Isaiah is praising God for many things. God has done amazing things, made wonderful plans and carried them out. God has been a refuge—has anyone here experienced God as a refuge or a safe place? God has fed the people—we experience that every time we share the Lord’s supper, but this supper is found in every meal we eat. Let’s remember that this morning at coffee hour. Sip that cup and taste the Lord’s plan, planting those beans, the hard work that goes into growing them, the harvest, the processing of them, getting the husks off, washing and soaking and drying them, the sorting them, the roasting them, the grinding of them and the shipping and stocking and brewing. And then that feeling of coffee in your mouth, God’s plan, the third Lutheran sacrament, the goodness, the holiness, something greater than its parts. And pay attention when you eat your lunch and dinner, the texture, the flavors, the ingredients and where they came from and what it took to gather them and get them in this form, who cooked it and where the energy came from to do so. There is so much to be thankful for, to pay attention to in God’s plan for feeding us with rich food and well-aged wine. God has a plan for the future, to swallow up death, to wipe away tears. God has done so much for us and still plans to do more—much more. We have so much to smile about. We have so much to be thankful for.
Paul also tells the people of Philippi to rejoice and in case they didn’t get it, he repeats it and tells them to do it always. None of us feels like doing it all the time, but Paul seems to be saying it is a state of being, a choice. You can’t always be happy. You can’t always get what you want, or so say the Rolling Stones and they would know. It is saying whatever your circumstance, focus on the positive. Focus on what is true, honorable, just, pure, commendable, excellent, and worthy of praise. There is always something to be grumpy about or feel guilty about. Don’t dwell there. Instead, turn your thoughts toward what is positive in any situation and focus on that and you will experience God’s peace.

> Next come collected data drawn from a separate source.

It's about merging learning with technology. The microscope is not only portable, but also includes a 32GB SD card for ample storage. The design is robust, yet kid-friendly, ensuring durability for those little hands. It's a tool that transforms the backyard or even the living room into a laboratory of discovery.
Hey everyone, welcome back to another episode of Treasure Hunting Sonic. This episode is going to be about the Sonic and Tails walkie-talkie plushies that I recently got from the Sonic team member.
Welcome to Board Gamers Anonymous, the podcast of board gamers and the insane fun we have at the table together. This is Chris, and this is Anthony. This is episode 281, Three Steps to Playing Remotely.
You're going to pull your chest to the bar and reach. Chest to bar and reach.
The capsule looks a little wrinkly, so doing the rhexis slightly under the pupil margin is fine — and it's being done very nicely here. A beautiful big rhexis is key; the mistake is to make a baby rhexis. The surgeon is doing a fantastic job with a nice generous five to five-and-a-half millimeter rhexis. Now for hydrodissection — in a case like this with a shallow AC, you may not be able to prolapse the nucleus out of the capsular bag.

Now this Gospel is really puzzling. I’d almost rather not even read the ending paragraph there where the poor guy gets thrown out of the wedding but if you start throwing things out of the Bible, it gets to be a slippery slope. It seems to go against the whole parable where Jesus says that everyone is welcome, the good and the bad. It seems petty to exclude someone because of what they’re wearing. Some scholars have suggested that Matthew embellished Jesus’ story a little bit because his community was uncomfortable about including absolutely everyone. This part of the story only appears in Matthew, so maybe that could be true. He might have misremembered part of the story to fit his community.
I’m thinking, though, that maybe this guy came to the party, but he wasn’t really partying. He wasn’t really celebrating or rejoicing. His heart wasn’t in it. He wasn’t fully dressed for the wedding. He wasn’t putting any effort into it. Many times you get out of something what you put into it. It seems those wedding garments were available to everyone who came to the party. It is like he wouldn’t wear a party hat or have cake or sit and eat with the others. At a party, you have to make an effort to enjoy yourself and get into the spirit and this guy just isn’t there and he’s spoiling it for everyone else. He was just going through the motions, making faces, and being a spoil sport. So he’s asked to leave.

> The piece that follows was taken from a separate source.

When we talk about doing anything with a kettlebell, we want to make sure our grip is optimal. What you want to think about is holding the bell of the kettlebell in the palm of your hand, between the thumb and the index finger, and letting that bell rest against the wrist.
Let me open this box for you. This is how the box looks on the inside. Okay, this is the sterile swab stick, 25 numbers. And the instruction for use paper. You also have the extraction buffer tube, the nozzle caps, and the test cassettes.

I wonder if sometimes we encourage people to subdue their joy and check it at the door at church. Sometimes this doesn’t seem like that joyful of a place. Other times it does. I know it is a matter of balance, but I fear more that we don’t celebrate enough than that we do so too much. When visitors come, do they sense our joy and hope and get swept up in it on a regular basis? When we sing, do we feel like smiling? Do we come in our wedding robe, in full sequins and feathers and in our shiny shoes and sparkling eyes or do we sometimes hide our lamp under a bushel? I’m sure it is a little bit of each, probably more on the reserved side.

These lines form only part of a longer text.